Later, as he lay desperately ill in hospital, his kidneys and liver failed.
Details of Mr Pryor's ordeal emerged during a damages hearing at Liverpool High Court in which he sued his employers, Bates & Hunt (Petroleum) of Dorrington, Shrewsbury.
The company strongly denied liability and disputed two of the tanker's six brakes, which were maintained by an outside contractor, failed and they claimed the accident occurred because Mr Pryor was driving too fast.
But on the fourth day of the trial an out-of-court settlement was reached on the basis of Mr Pryor admitting 50% contributory negligence.
Speaking about his ordeal in his specially adapted Ellesmere Port home, he says the last four years have been a nightmare.
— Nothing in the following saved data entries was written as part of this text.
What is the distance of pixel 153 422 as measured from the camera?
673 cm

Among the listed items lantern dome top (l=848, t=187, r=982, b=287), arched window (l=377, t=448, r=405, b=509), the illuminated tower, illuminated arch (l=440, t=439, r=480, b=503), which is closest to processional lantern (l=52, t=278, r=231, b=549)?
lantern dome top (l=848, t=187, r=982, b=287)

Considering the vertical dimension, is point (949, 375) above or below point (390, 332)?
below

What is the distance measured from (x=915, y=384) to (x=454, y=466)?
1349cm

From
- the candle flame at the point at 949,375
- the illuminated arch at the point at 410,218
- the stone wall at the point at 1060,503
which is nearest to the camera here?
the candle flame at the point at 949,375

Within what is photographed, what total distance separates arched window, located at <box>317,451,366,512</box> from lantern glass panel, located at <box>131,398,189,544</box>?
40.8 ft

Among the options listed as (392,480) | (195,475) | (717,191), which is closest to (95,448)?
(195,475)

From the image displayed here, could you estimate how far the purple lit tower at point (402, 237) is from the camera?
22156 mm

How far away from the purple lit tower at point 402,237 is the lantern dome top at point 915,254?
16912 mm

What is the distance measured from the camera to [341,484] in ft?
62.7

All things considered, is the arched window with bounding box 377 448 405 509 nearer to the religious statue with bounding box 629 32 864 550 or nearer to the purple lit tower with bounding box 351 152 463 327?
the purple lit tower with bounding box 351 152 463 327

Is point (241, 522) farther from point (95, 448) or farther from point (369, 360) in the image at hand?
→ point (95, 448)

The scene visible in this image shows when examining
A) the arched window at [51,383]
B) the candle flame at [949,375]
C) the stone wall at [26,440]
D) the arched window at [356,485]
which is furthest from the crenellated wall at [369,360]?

He said: 'I felt it was my duty to try and steer the tanker away from the village.
'I could have bailed out and still been dancing now but the tanker would have ploughed into the village school and there was no way I was going to allow that to happen.
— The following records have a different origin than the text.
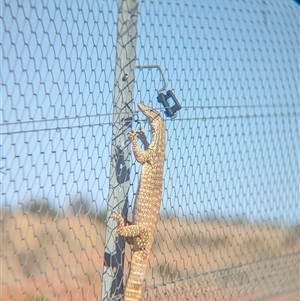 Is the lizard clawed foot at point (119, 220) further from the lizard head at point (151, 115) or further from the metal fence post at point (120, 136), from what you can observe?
the lizard head at point (151, 115)

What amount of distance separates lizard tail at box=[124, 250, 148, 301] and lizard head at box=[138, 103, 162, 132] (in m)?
0.68

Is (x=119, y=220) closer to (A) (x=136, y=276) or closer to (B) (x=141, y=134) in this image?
(A) (x=136, y=276)

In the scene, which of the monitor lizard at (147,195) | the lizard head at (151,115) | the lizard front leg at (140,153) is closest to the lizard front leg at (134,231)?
the monitor lizard at (147,195)

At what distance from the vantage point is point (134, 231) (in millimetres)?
3312

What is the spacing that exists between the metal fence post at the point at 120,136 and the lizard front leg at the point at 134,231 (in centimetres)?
3

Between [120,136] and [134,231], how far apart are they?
1.96 ft

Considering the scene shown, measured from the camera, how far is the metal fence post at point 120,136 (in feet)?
9.59

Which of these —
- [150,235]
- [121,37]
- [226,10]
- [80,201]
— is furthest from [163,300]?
[226,10]

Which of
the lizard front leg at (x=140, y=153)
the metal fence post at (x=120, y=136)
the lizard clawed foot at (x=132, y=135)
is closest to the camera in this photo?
the metal fence post at (x=120, y=136)

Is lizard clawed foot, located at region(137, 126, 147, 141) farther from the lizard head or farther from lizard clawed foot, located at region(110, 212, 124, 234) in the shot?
lizard clawed foot, located at region(110, 212, 124, 234)

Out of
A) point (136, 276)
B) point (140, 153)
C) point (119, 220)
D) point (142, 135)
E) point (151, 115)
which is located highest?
point (151, 115)

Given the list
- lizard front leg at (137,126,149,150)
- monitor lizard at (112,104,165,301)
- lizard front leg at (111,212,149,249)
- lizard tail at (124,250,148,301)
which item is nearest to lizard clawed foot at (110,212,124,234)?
lizard front leg at (111,212,149,249)

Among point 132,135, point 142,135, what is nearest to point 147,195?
point 142,135

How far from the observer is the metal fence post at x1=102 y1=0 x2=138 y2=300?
2.92 m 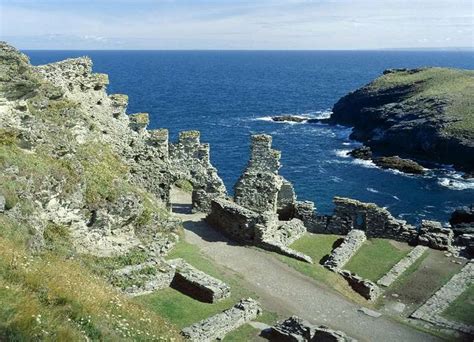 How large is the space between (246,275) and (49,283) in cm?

'I lost one leg at the scene of the crash and was air-lifted to hospital. In the helicopter I died and they shocked me to bring me back. On several occasions my family were told I wouldn't make it through the night and to say their goodbyes but there was no way I was going to give in.'
Against all the odds Mr Pryor stunned doctors and pulled through. He was transferred to Clatterbridge Hospital and later Arrowe Park to be closer to home. But his battle to survive was only just beginning and he says his life has been turned upside down.
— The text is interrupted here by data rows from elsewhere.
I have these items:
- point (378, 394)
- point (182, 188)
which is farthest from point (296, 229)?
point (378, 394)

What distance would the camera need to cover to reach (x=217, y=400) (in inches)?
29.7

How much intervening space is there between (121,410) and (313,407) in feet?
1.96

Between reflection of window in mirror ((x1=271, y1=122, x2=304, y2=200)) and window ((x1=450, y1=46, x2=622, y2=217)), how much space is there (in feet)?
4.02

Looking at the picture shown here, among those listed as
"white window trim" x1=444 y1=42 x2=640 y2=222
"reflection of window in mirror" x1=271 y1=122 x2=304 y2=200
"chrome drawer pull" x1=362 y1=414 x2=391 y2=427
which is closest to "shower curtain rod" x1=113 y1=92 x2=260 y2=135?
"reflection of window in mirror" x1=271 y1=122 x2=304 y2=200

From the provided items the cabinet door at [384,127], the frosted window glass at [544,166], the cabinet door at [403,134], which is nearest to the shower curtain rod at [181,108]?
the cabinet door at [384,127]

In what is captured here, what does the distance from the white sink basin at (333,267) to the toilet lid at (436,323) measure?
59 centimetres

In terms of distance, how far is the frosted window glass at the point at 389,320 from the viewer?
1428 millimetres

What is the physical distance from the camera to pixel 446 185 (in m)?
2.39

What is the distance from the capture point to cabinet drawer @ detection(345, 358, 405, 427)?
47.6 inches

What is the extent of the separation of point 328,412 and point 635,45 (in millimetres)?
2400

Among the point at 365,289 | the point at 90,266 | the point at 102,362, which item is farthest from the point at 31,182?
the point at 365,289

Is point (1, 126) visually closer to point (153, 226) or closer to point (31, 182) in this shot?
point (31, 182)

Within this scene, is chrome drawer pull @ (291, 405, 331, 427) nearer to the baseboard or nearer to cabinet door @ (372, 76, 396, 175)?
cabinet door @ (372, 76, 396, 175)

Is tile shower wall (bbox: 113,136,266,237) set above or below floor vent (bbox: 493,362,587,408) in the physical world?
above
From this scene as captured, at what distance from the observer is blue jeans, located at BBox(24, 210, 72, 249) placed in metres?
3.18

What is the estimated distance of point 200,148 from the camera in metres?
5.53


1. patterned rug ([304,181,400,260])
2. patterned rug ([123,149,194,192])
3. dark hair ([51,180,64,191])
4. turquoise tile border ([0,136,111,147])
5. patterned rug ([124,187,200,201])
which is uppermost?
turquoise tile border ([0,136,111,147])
He said: 'I lost my health, my livelihood and the strain finished my marriage. But the fight for me was not about money and compensation, it was about proving it wasn't my fault.'
Both sides are now in discussion to agree a compensation figure but if this proves impossible another trial will have to take place for a judge to decide.
Joe Skinner, of Birkenhead-based legal firm J M Skinner and Co which is representing Mr Pryor, says it could take another 12 months to determine the compensation. He said: 'It will be a very high claim, certainly six figures, taking into account the length of time, loss of earnings and physical injuries.'
Nobody from Bates & Hunt was available for comment.